The data below is to be set down exactly.

-- Provided material follows --

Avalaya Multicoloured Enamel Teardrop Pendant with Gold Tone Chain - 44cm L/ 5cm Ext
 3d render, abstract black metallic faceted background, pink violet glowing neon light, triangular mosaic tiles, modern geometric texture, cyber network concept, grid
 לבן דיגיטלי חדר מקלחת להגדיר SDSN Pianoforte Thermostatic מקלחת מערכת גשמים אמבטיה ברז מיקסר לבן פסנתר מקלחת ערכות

-- Provided material concluded --

Response to the exercise
Avalaya Multicoloured Enamel Teardrop Pendant with Gold Tone Chain - 44cm L/ 5cm Ext
 3d render, abstract black metallic faceted background, pink violet glowing neon light, triangular mosaic tiles, modern geometric texture, cyber network concept, grid
 לבן דיגיטלי חדר מקלחת להגדיר SDSN Pianoforte Thermostatic מקלחת מערכת גשמים אמבטיה ברז מיקסר לבן פסנתר מקלחת ערכות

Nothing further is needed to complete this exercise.